Peculiarities of cryptocurrency trading

Cryptocurrency trading has a number of differences from traditional markets (Forex and stock exchanges). For example, digital assets are highly volatile. It is also not uncommon for large projects to quickly drop in value and remain at the bottom. For these reasons, the analytics process also has its own peculiarities.

The nuances of trading in the cryptocurrency market
Before you start working with digital currencies, you need to choose a convenient and reliable exchange. It is necessary to pay attention to whether the platform has all the conditions for the implementation of the chosen trading strategy.

To do this, you need to study the following parameters:

The catalog of assets that are available for trading;
the amount and types of commission;
The minimum deposit, including for the selected coin;
methods of deposit and withdrawal;
the possibility of using margin trading in cryptocurrency;
minimum and maximum leverage;
availability of round-the-clock access to the market;
Stacking and farming functions;
types of order execution and others.

It is also important to follow the clients’ reviews about the withdrawal of funds. Some companies have problems with this.

$100 is enough to get your first experience with real crypto-trading. This amount will allow you to buy different assets and follow the key risk management rules at the same time.

Cryptocurrency has several characteristics that make it an attractive asset type:

Volatility. The value of cryptocurrencies is constantly and dramatically changing. Such spikes allow you to make quick gains or lose a significant portion of your deposit. It is important to clearly understand the market situation and possible risks.

Lack of high correlation with other types of assets. What happens on the financial or stock market often has no noticeable impact on the quotations of cryptocurrency. In most cases, demand for digital coins increases during a downturn in major stock indexes. However, there are also economic processes that encourage investors to quickly withdraw their funds from risky projects.

Growth Potential. While currencies and stocks often have maximum growth limits, cryptocurrencies can rise to the most unexpected values, but it must be remembered that the opposite happens.

Before you start trading, you should study the most popular coins, understanding their current state and the reasons why they can rise or fall. Work with those cryptocurrencies that are understandable. If the trader cannot explain to himself why a coin must go up or down, it is better not to choose it. If the amount of funds allows, it is advisable not to invest more than 3% of the total amount of the deposit into one transaction.

Keep in mind, however, that almost all altcoins depend on the exchange rate of the BTC. Therefore, it makes sense to buy Bitcoin for a larger amount to stabilize your portfolio. The rest of the money can be allocated between coins that are linked to other blockchains. Tokens from promising development-oriented projects on the Ethereum network would be a good option. It has a different consensus algorithm and is popular due to smart contracts.

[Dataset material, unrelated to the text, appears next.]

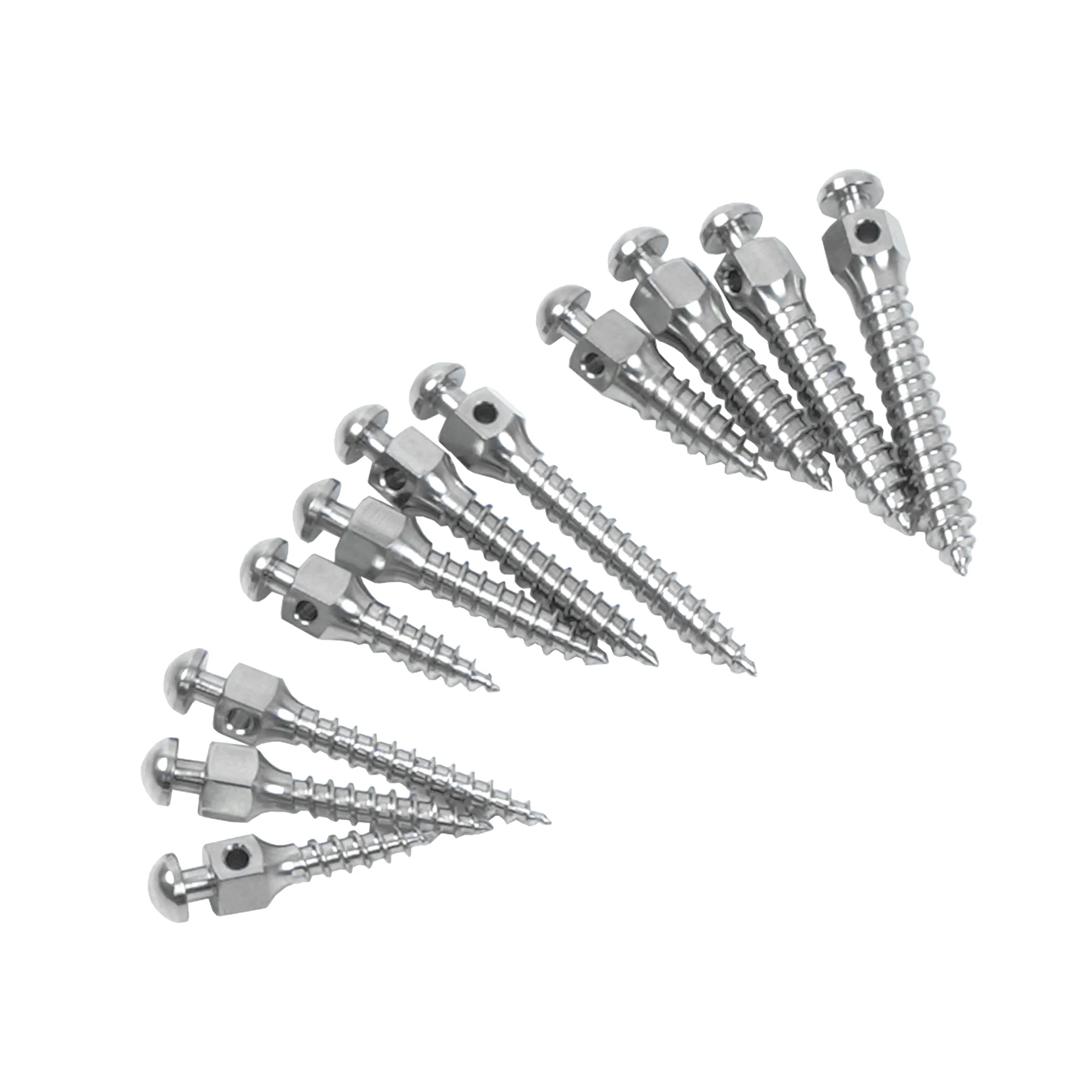 Orthodontic Supplies Orthodontic Spikes Orthodontic Oral Basic Instrumentation Tools Dental Mini Screws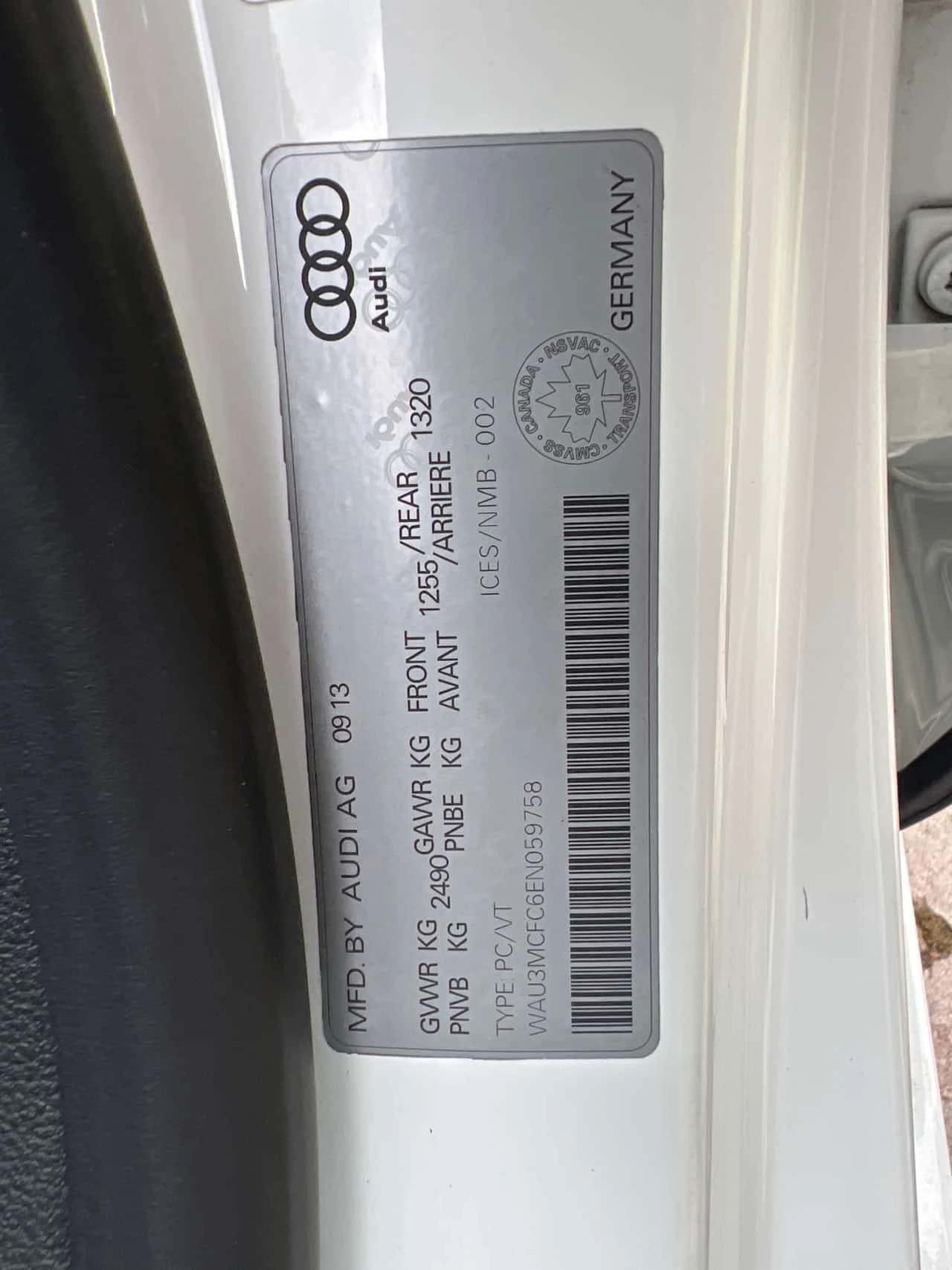 Audi A7 3.0L TDI Technik /360/��������/LED | Mobile.bg � ����������� 10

As for directly topping up, you can use the Binance P2P exchange, or a built-in service to buy cryptocurrency through fiat gateways. In addition, it makes sense to create an external wallet. You can have several different ones – for small and large transactions.

Cryptocurrency trading strategies on the exchange
Depending on the strategy, all traders who trade in the digital asset market can be divided into four main groups.

“Hamsters.”
This is the name given to newcomers who have no experience yet and are constantly in doubt about the correctness of the decisions they make. They are often guided by the mood of the market crowd and forecasts of other traders. That is, they minimize the use of their own analysis.

“Whales”.
The main characteristic of such investors is that they possess huge deposits. Whales ways to create market situations themselves, leading to a significant own profit at the expense of losses of a large number of small traders (hamsters).

“Bulls and Bears.
Bulls are traders who raise the price by opening serious buy positions. Figuratively, this can be thought of as throwing their horns upward.

Having seen an impulse in the direction of increase of quotations, small inexperienced players also open the transactions for purchase and push the rate further. As a result, the bulls get the most profitable price to sell their asset and distribute coins to the enthusiastic hamsters.

Cryptocurrency is a highly volatile asset and things change very quickly. For this reason, it is better for beginners to simplify their search for entry points. It is hard to know at what stage the coin will go up. But by applying qualitative fundamental analysis, it is possible to forecast long-term trends for opening profitable positions.